87º feels like 96º ~ removed from the excessive heat advisory b/c index won’t go over 100º, perhaps I’ll need my sweater
∞
I’m thinking today about vulnerability and how I’ve been conditioned not to show it. When confronted with a problem, or a task at work, I’ve always put my shoulder to the boulder and persevered without question, without too much complaint, and definitely without asking for help. This behavior has been reinforced because I’m often praised for my results, which are largely based on sweat, stress, and unwavering persistence. I’ve been heard to say, “Failure is not an option,” a commonly heralded, proto-American trait. And, yes, it is good to succeed, but over and over, I’m learning that I need not bear all the weight in completing every project for work or home.
In fact, in my attempt to appear “practically perfect in every way,” à la Mary Poppins, I’m actually failing myself. Because I have feared being seen as weak and vulnerable, when a project has stymied me or has required more time than I actually have, I have refused to ask for help. I have, instead, sweated it out and found a way to solve the problem at hand, often doing work that would more easily be done by others. For example, I have been known to try to learn a whole new design program overnight rather than admit my flyer-making skills are, well, fledgling at best. Dare I claim that my gender contributes to this fear? I dare. Coming of age in the 80s, I was acutely aware that women who wanted to have it all must never admit vulnerability. (And who would not want to have it all?) I understood early that my job was to prove I could do everything a man could do, but, à la Ginger Rogers, “backwards and in high heels.”

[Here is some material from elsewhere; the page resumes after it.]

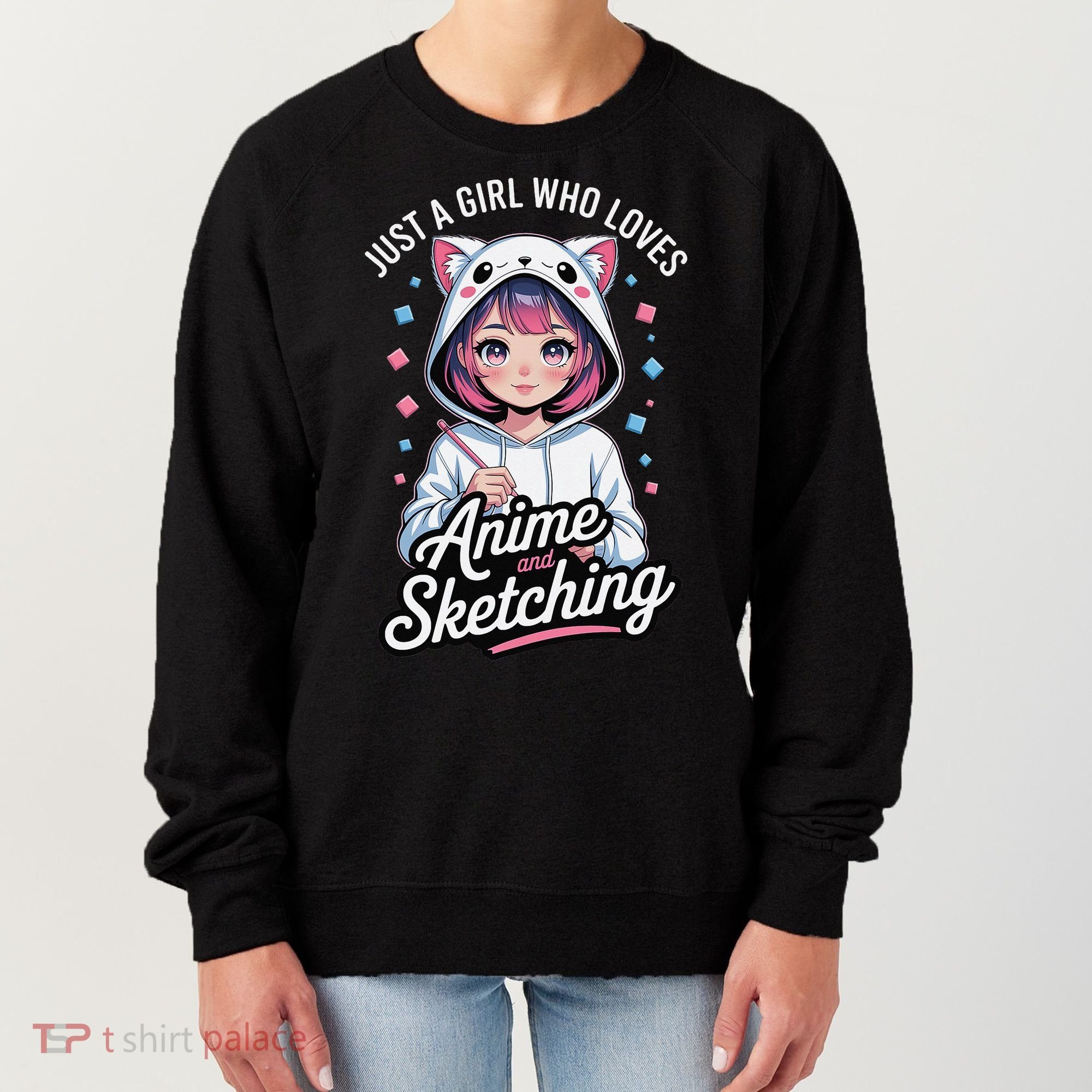 Anime Girl With Cat Ears Holding Marker Women's Sweatshirt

What does this have to do with poetry? Time. Energy. A quiet mind. Writing takes all three; attempting to conquer every other task set before me by my job and my household consumes all three. Because I was determined to be seen as a success at work, this past academic year I gave nearly all of my being to completing work goals. I wrote only a few new drafts, sent out very few poems, and read very little poetry outside of course texts. By May, I knew this behavior was unsustainable, and I’ve spent much of the summer working on positive steps forward.
Recently, I woke up to the fact that I don’t have to do it all alone. I began asking for help. I began exposing what I saw as my own vulnerabilities, and no one blinked an eye. Instead, they answered, and they helped. I recovered some time, some energy, and glimpses of a quieter mind.
I learn, but slowly, that I will always be a student, even as I stand in the classroom as the professor. In the classroom, I ask my students to be vulnerable over and over; I remind them that there are no silly questions, that all rough drafts are messy, that I am there to help. I offer them handouts on campus resources for the problems they experience beyond creative writing. I encourage them to form support networks among themselves. I ask them to fail on the page over and over. Yet, I have refused to admit my own vulnerability so often in all the realms outside of my writing practice (there, I fail spectacularly and accept it). Let’s face it, I have been scared of being exposed as a fraud because the models of success held up by our society rarely admit to their own vulnerabilities.
All of this is to say that I feel a bit of a breakthrough, and I hope to continue to practice asking for help, to continue sharing the workload when appropriate, and to continue experiencing these benefits.